Dalam rancangan Kebijakan Umum Anggaran dan Prioritas Plafon Anggaran Sementara (KUA-PPAS) 2026, APBD Kota Samarinda ditetapkan sebesar Rp5,3 triliun, mengalami peningkatan dari RAPBD Murni 2025 yang bernilai Rp4,9 triliun. Namun, realisasi anggaran tersebut memerlukan diversifikasi sumber pendapatan baru.
Untuk mengkompensasi defisit akibat berkurangnya TKDD, Hero menetapkan target PAD tahun depan mencapai Rp1,2 triliun. Strategi ini diharapkan dapat memastikan keberlangsungan program-program yang sebelumnya dibiayai melalui dana transfer pusat.
Pajak Bumi dan Bangunan (PBB) menjadi fokus utama dalam upaya peningkatan PAD. Melalui Peraturan Wali Kota (Perwali) Nomor 11 Tahun 2025, pemerintah daerah telah mengatur penyesuaian Nilai Jual Objek Pajak (NJOP) dengan batas maksimal kenaikan PBB sebesar 25 persen.
“Tidak akan berlebihan seperti yang terjadi di daerah lain,” tegas Hero.
TAPD juga mengeksplorasi berbagai opsi optimalisasi PAD lainnya, mencakup retribusi daerah dan pemanfaatan aset daerah secara maksimal. Inisiatif ini bertujuan mengurangi ketergantungan terhadap dana transfer pusat yang kini semakin terbatas.
Kepala Badan Perencanaan Pembangunan Riset dan Inovasi Daerah (Bapperida) Samarinda, Ananta Fathurrozi, menekankan pentingnya penerapan kebijakan efisiensi anggaran. Menurutnya, kondisi ini menuntut pemerintah daerah untuk mengoptimalkan seluruh potensi PAD yang tersedia.
Meskipun alokasi untuk infrastruktur tetap dipertahankan pada angka 40 persen sesuai ketentuan, beberapa program lainnya berpotensi mengalami pengurangan untuk menjaga sustainabilitas pos belanja pegawai dan pelayanan publik esensial.
“Arahan Pak Wali jelas, gaji pegawai dan PPPK tidak boleh terganggu,” ungkap Ananta.

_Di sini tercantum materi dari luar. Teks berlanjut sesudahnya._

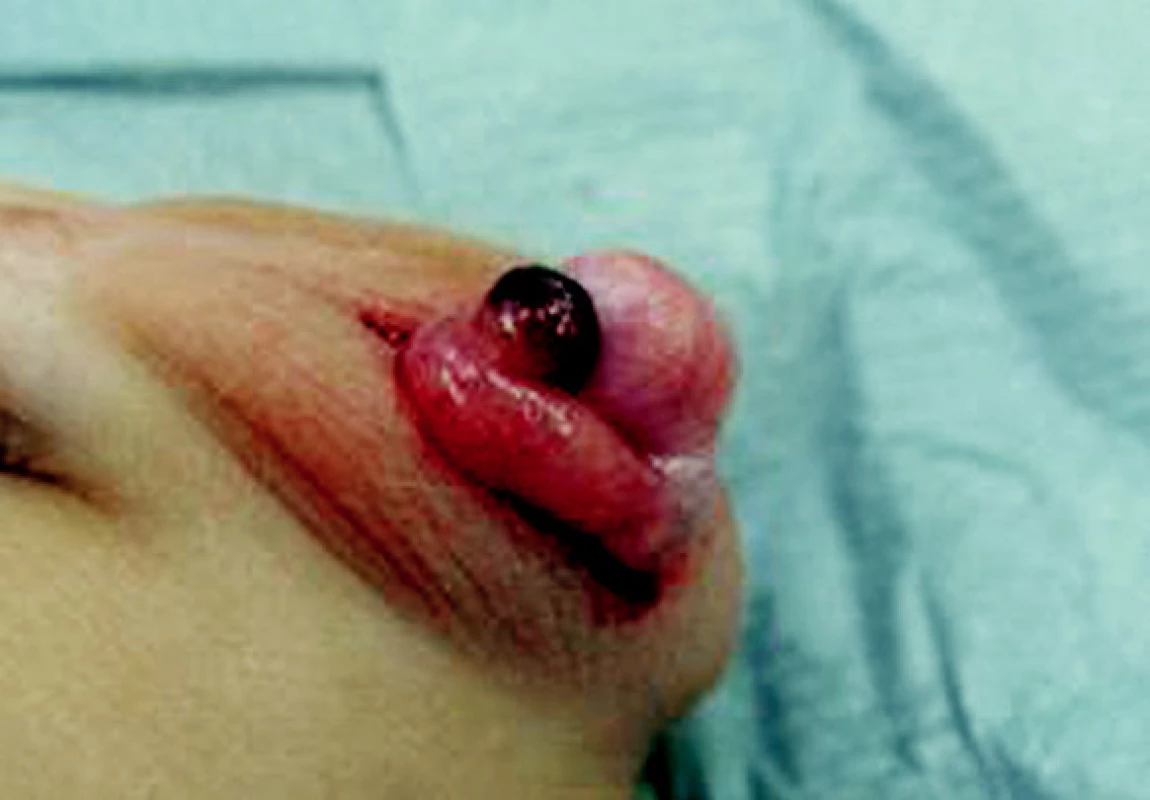 Torzia appendixu testis
Fig. 1. Torsion of testicular appendix
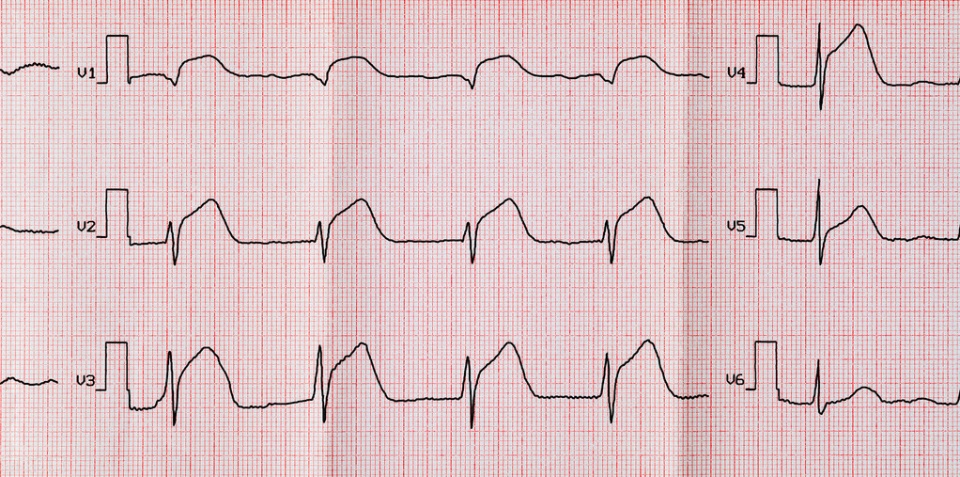 这样的心电图提示心脏最大血管堵塞 九死一生 Nestia
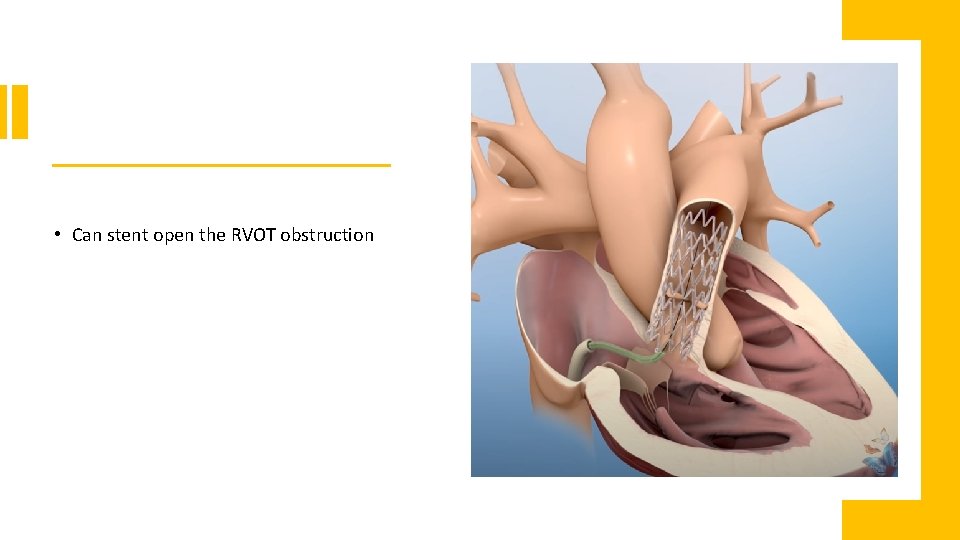  • Can stent open the RVOT obstruction 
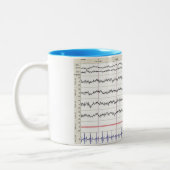 Tasse des Schlaf-EEG - Schlaf der Bühne-2 (Links)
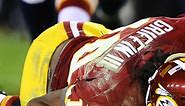 RG3 Injury Video: Dissecting Play That Further Damaged Robert Griffin III's Knee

Tantangan semakin berat mengingat Dana Bagi Hasil (DBH) yang biasanya mencapai Rp1,6 triliun diproyeksikan akan menyusut menjadi hanya Rp800 miliar pada 2026. Penurunan hingga separuh dari nilai normal ini diprediksi akan memberikan dampak signifikan terhadap program pembangunan daerah.
“Artinya separuh hilang, dan itu berpengaruh besar terhadap program pembangunan,” pungkasnya.(*).